Never mind, just failed on some SR tests with ICX:

Results:
    sr.hydro_convergence: failed; time elapsed: 36.8 s
    sr.hydro_shocks_hllc: failed; time elapsed: 38.1 s
    sr.hydro_shocks_hlle: failed; time elapsed: 36 s
...
    sr.mhd_shocks_hlle: failed; time elapsed: 41.1 s
felker commented 1 year ago

@c-white mind taking a look? I am guessing something is not safely vectorizing in SR with the new Intel compilers?

wave_flag = 4
epsilons low/high:
[3.11071510e-06 1.03690550e-06 3.15312430e-07 4.10445107e-08
 6.84075176e-09]

[3.68679283e-06 1.22893101e-06 3.73704680e-07 4.86453980e-08
 8.10756633e-09]
epsilon low/high: 1.4732871267861087, 1.7461271479208567
epsilon_high / epsilon_low = 1.1851913426610416 is greater than
(float(res_low) / float(res_high))**cutoff = 0.02368307135172497

vs g++

wave_flag = 4
epsilons low/high:
[6.09570663e-09 2.03190472e-09 6.17883221e-10 8.04298503e-11
 1.34049825e-11]

[7.10139152e-11 2.36719058e-11 7.19814258e-12 9.37058807e-13
 1.56175311e-13]
epsilon low/high: 0.0028870297711365, 3.363346847291481e-05
felker commented 1 year ago

Indeed, removing -qopenmp-simd fixes it.

tomidakn commented 1 year ago

I suppose it will always perform the first l=0 iteration of the loop, but initializing the 3x variables to 1 or nx1, nx2, nx3 makes the most sense?

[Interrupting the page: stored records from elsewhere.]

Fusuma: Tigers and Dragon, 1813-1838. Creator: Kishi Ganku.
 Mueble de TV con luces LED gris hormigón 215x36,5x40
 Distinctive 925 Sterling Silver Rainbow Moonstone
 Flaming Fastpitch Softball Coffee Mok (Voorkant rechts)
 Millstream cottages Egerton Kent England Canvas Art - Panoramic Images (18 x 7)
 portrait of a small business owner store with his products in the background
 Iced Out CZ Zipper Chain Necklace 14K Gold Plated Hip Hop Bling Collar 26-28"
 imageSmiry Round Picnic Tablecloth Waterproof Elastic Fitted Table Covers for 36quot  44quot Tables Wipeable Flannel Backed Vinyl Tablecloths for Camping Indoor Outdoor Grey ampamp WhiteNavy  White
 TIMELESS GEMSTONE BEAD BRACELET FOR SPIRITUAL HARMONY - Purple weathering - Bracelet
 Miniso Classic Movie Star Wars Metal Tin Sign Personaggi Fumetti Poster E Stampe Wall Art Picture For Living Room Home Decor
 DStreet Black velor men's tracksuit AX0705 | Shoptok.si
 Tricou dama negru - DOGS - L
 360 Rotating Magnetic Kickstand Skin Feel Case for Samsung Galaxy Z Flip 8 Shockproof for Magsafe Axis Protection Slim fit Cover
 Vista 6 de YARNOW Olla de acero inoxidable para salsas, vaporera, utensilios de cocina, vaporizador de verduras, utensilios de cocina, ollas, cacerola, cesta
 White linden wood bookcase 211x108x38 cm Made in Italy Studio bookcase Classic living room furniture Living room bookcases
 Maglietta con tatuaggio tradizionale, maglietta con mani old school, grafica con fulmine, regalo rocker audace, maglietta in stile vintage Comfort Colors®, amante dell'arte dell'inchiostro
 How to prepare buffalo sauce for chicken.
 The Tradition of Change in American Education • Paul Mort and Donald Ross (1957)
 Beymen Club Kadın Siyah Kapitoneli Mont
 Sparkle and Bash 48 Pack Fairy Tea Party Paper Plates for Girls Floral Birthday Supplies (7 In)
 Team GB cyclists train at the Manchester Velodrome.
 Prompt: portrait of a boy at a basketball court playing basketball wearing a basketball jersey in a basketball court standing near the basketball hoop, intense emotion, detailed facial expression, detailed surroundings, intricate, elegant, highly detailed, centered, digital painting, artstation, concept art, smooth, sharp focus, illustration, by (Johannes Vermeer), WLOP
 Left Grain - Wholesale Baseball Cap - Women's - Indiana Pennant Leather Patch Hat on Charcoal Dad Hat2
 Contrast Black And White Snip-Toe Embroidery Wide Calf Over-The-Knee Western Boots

They can be initialized with 1 or size_.nx1 etc.

felker commented 1 year ago

@c-white issue is with this pragma on the Cascade Lake CPU I was using: https://github.com/PrincetonUniversity/athena/blob/053e833e1a47f954fbc113941b19ef5536528660/src/hydro/rsolvers/hydro/hllc_rel.cpp#L151 (and presumably the same in HLLE for SR hydro and MHD). Note, SIMD_LENGTH=8 on this system. Also fails with fixed SIMD_LENGTH=4 or 2, or even just #pragma omp simd. Might be specific to this compiler version and/or hardware revision.